Competition for affluent clients is fiercer than ever. To attract their attention, you need to stand out from the crowd. You must have better insights about your clients and the markets and a better process to deliver your services. In other words, you have to be a wealth manager. The foundation for any wealth management practice should start with a solid understanding of your clients’ behaviors. Research conducted by JPMorgan and outside sources confirms that clients today demand more from their advisors. They want strong and substantive personal relationships with their advisors, and want them to understand and care about their personal goals and preferences.
Each month in this space we will share the findings of our proprietary research and offer our insights to help you gain greater knowledge of the affluent. That knowledge will help you to provide wealth management services to your clients in the most efficient manner.

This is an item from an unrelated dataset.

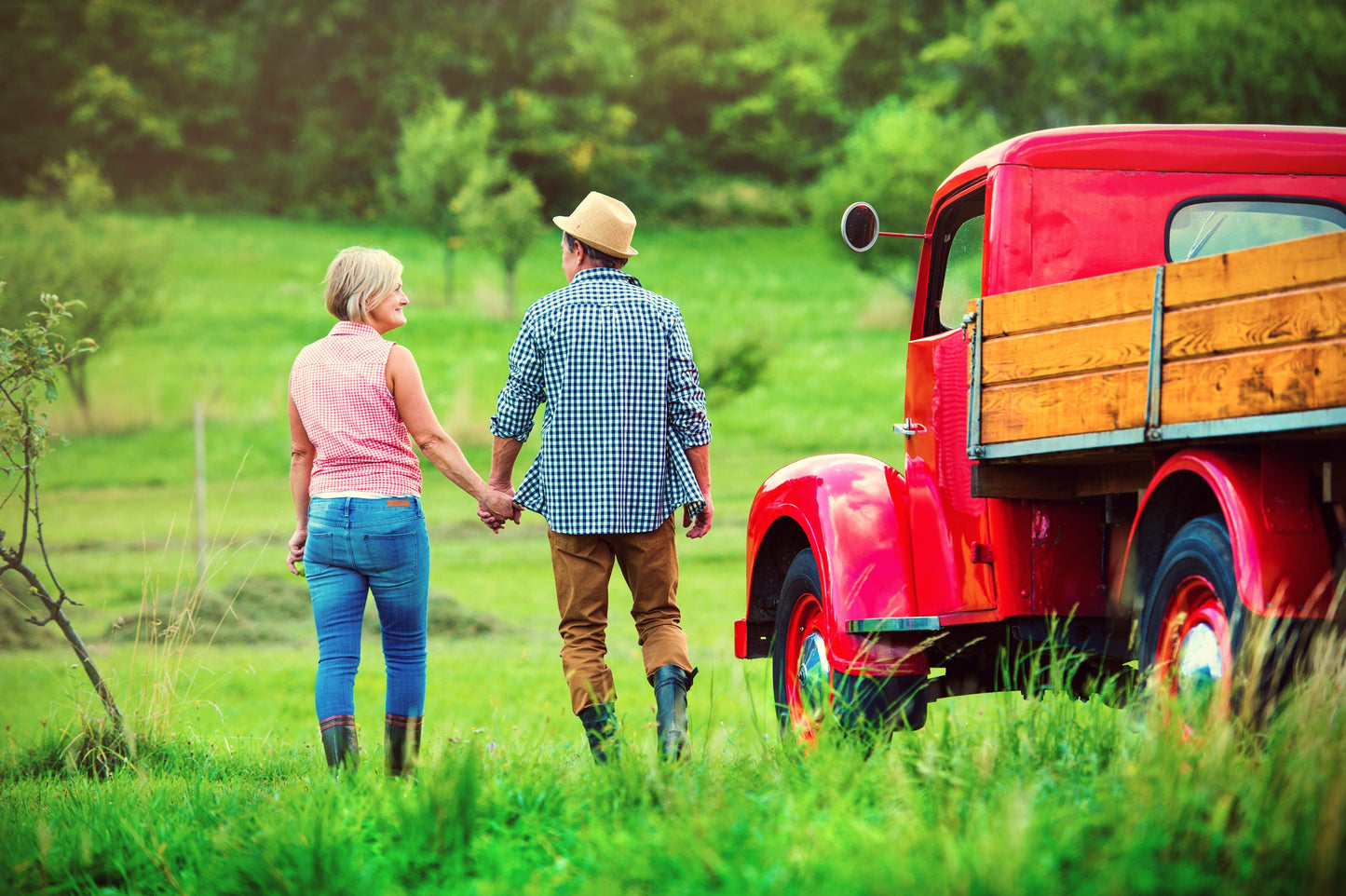 couple with truck on farm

To begin, let’s discuss the drivers of investor behavior. We might like to think that investors act rationally, without letting emotions dictate their investment decisions. We might believe that investors always act in their own economic self interest, and that they always seek to maximize their returns for a given level of risk.
Unfortunately, that just isn’t so. In the actual world of investing, reason and logic rarely dictate investment decisions. If behavior were always rational, investors would never sell stocks in a panic at the first sign of trouble. If dispassionate homework were always done before investing, stocks would never be bought due to hunches, hot tips, or media hype.
As Benjamin Graham once said, “The investor’s chief problem–and even his worst enemy–is likely to be himself.”
Why do we so often get in the way of our own success? The short answer is that it’s all in our heads.
You see, the brain is not wired to always make rational decisions. It has three separate, distinct segments that control different functions. One controls autonomic functions, another the emotions, and the third controls logic and higher-level thinking.
Psychologists have looked at situations in which the response dictated by the “emotional” segment of the brain is at odds with the response dictated by the “logical” segment. When this happens, the researchers found that the “emotional” wins out, perhaps indicating why individuals exhibit so many irrational behaviors in everyday life and when investing.
In everyday life take, for example, such irrational behaviors as a person who:
- purchases a burglar alarm the day after someone breaks into his house;
- believes he is getting a bargain because the salesperson started negotiating at a price well above the market value of the product;
- believes he is better than other people. In the individual investor’s life, take the person who in evaluating an investment:
- places too much emphasis on recent events;
- assumes an investment’s current price is about right, despite the absence of any plausible information supporting the assumption;
- believes resolutely that he can beat the market, despite all the evidence showing that investors cannot do so on any systematic basis.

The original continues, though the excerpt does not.